As part of our quest for the inhibiting reasons and evidence why Africa is far behind the rest of the continents from agricultural development to technological advancement, there was a very hectic debate on this very topic on www.obimansoradio.com . This time, I personally wanted divergent views so together with my colleagues, we invited some prominent African American Poets, Writers and Thinkers including our usual discussion panel to weigh in.  This one and a half-hour discussion was  full of “mind mapping images” that it didn’t take me enough thinking to figure out why Africa is particularly screwed up!

First, let me be clear. I’ve tried to place Africa right now on the world performance stage and what’s actually going on with our leadership performance.  All other factors that might have contributed to the predicament we find ourselves in are not included in this discussion at this time. My goal is to tell the story about where we are right now (situational analysis), what we are doing at the moment (current leadership strategy), and where we wanna go (leadership performance plan and vision). Personally, I feel that Africa is currently screwed up due to these 4 general constraining factors:

1.     First, there’s what I call “Top-down” institutional factors:  In Africa and in Ghana in particular, corruption has been institutionalized, and accepted as a norm. These days in Ghana in particular, we fuss about corruption almost on a daily basis, but at the same time has been reinforced by the “resource curse” and the “aid curse”. Simply put, the unearned wealth mentality and lifestyle of an average African or Ghanaian, tend to foster corruption more enthusiastically than the earned income. In the western world, most people work so hard to earn what they want or need, but in Africa, most of us believe that our political status or the leadership position and authority we find ourselves in is a passport to riches. Why is this so? It’s just simple! There’s absolutely no accountability in most sub Saharan Africa nations. People are never held accountable for their actions, and the result is that of the attitude “do it the way you want it”.  After all, who can hold me accountable for my actions”?

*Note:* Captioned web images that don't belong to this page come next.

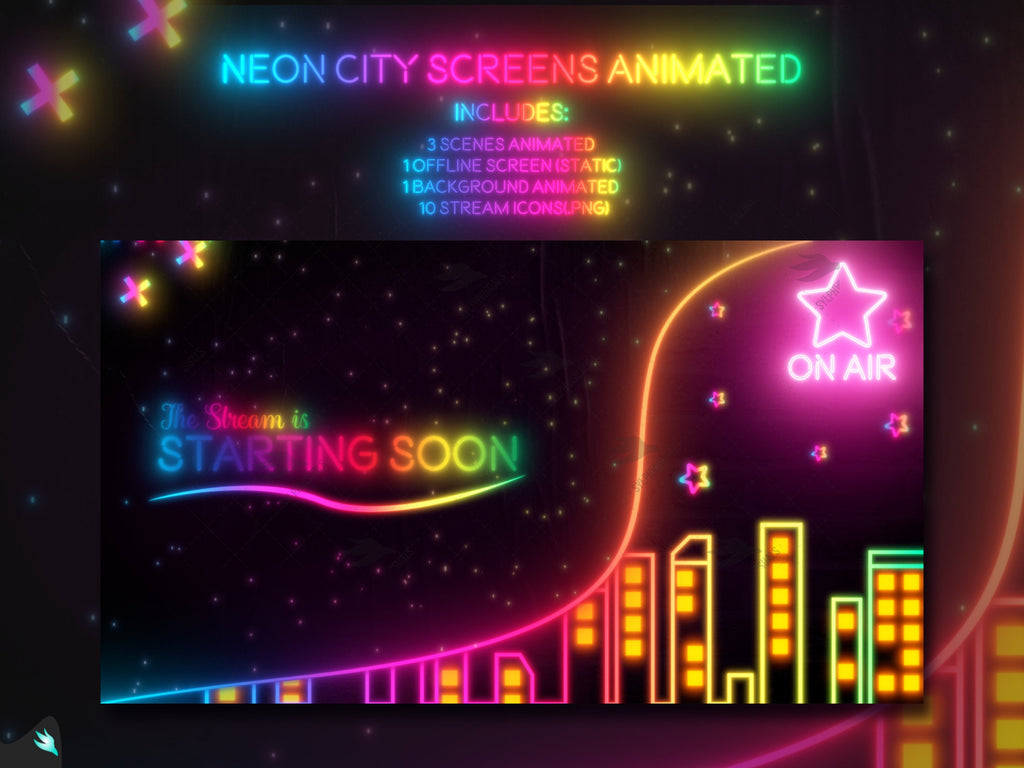 Neon City Animated Screens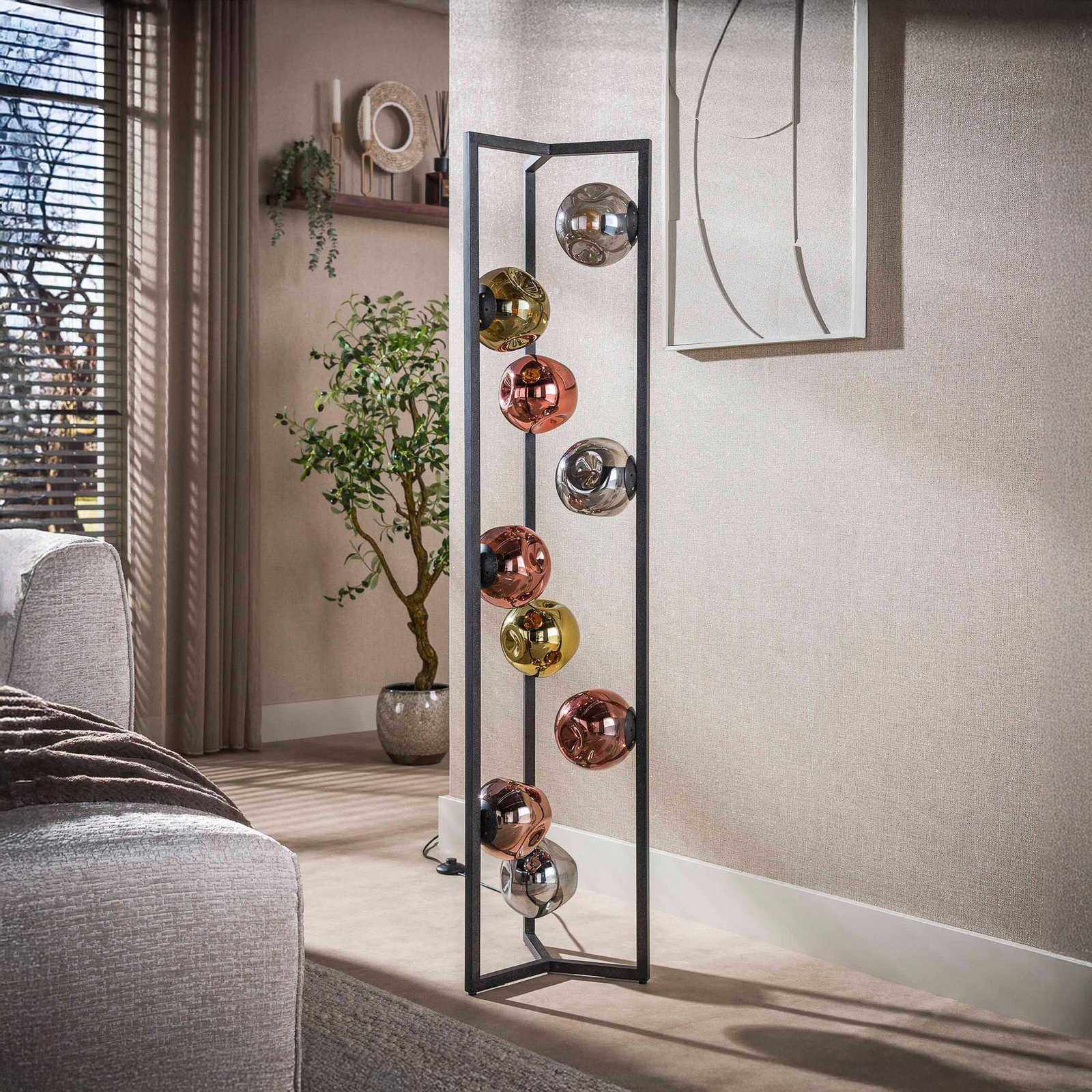 Stojací lampa Stellar, černá, sklo, 9 žárovek, E27, 150 cm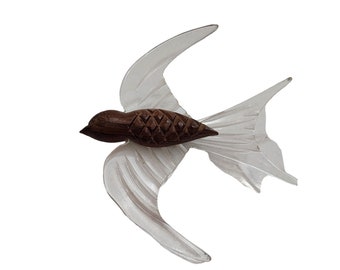 Vintage Lucite & Wood Early Bird Brooch (A3639)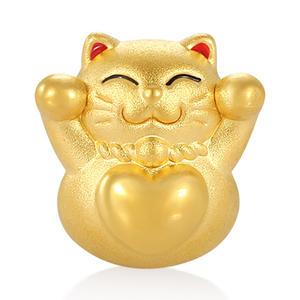 Esmalte artesanía diseño de lujo oro micro-duro 24K oro puro feliz gato de la suerte pulsera con cuentas accesorios de joyería de oro - Product Image 1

2.  The “bottom-up” sociological factors: In Africa, there are such attitudes as bitterness, acrimonious, spiteful, vindictive,     malicious and hostile ethnic rivalry coupled with disgustingly inhumane dictators. Most of the leaders in countries like Gambia, Togo and Central African Republic (CAR) are currently ruling with cruelty, wickedness, cheekiness and impudence. This is what I refer to as “absolute leadership tyranny”. There’s no way the citizens living under those oppressive conditions can think and figure out any science. They simply struggle just to survive the next 24 hours. There can’t be any new thinking or vision, let alone any innovative developmental ideas under those regimes! As time pass by, the mind and thinking abilities of the citizens then fade out, and ultimately become ceded. It does not necessarily mean we are not smart. What it means is that we just don’t have the right resources and the right environment to think right.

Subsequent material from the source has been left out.